The Elusive Mideast Peace
Shocking, isn't it? But this is the same Abbas who started the Palestine Liberation Organization in 1964 with Yasser Arafat after writing a dissertation in which he denied the existence of the Holocaust. What was the PLO trying to liberate? Not the land of the West Bank and Gaza, which came under Israeli control only after the 1967 war. It wanted to "liberate" the Israel that ran to the Mediterranean. So where is the Abbas who will speak--in Arabic--of the legitimate sovereign right of the Jewish state to exist? Where is the Abbas who will prepare the ground for compromise?
The reality on the ground is as grim as the rhetoric. In the West Bank city of Nablus, Israelis found a broad-scope terrorist operation with an explosives laboratory and weapons. Then Fatah activists murdered two off-duty Israeli soldiers in the Hebron hills on a hike. The killers, who said they were celebrating Fatah's 43rd anniversary, were given refuge by the PA. It then put out a deliberately misleading statement to suggest the soldiers died as the result of an argument that deteriorated into a clash, instead of the coldblooded murders that they were.

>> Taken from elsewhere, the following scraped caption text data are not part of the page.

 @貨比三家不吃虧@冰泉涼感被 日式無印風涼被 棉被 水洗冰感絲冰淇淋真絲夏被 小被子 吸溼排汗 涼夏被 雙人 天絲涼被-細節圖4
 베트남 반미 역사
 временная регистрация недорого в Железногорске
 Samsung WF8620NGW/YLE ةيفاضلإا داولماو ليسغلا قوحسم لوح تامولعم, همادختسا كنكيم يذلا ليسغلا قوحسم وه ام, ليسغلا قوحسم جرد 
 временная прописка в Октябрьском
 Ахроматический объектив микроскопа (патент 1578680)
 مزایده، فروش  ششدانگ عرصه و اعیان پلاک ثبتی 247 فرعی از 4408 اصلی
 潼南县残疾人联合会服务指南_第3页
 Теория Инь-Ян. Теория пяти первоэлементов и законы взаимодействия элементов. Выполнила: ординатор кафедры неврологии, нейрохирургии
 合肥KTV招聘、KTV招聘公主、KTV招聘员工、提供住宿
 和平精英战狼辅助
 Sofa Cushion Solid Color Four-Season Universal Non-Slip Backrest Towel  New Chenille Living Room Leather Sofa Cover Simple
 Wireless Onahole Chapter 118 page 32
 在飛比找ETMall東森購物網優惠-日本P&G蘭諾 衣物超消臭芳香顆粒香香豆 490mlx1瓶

We are further from peace than at the time of President Clinton's Camp David II in 2000. Indeed, compromise will have to overcome Palestinian objections to the retention of the large towns settled by tens of thousands of Israelis adjacent to and protective of Tel Aviv and Jerusalem. The United States now supports their inclusion in Israel's final boundaries. To be meaningful, this commitment necessarily involves more than being connected to Israel by untenable thin stalks of access roads through Palestinian territory. Nor should Jerusalem be turned into a crazy quilt of Jewish and Arab neighborhoods. Everyone knows that were Israel and the PA ever to cease cooperating fully, let alone regress to hostilities, Jerusalem and these new communities would be paralyzed and in mortal danger. U.N. Resolution 242, which ended the 1967 war, did not require Israel to withdraw from all the territories that it had occupied as the result of the war. But there is still no agreement on the percentage of lands that are to be annexed or swapped by Israel. Nor is there an agreement on Jerusalem or on the nature of Palestinian demilitarization or on the desire of Palestinian refugees and their descendants to relocate to Israel, which would undermine Israel as a Jewish state. In a word, there is fundamental disagreement on the premises that would underlie the establishment of two states for the Palestinians and for the Jewish people.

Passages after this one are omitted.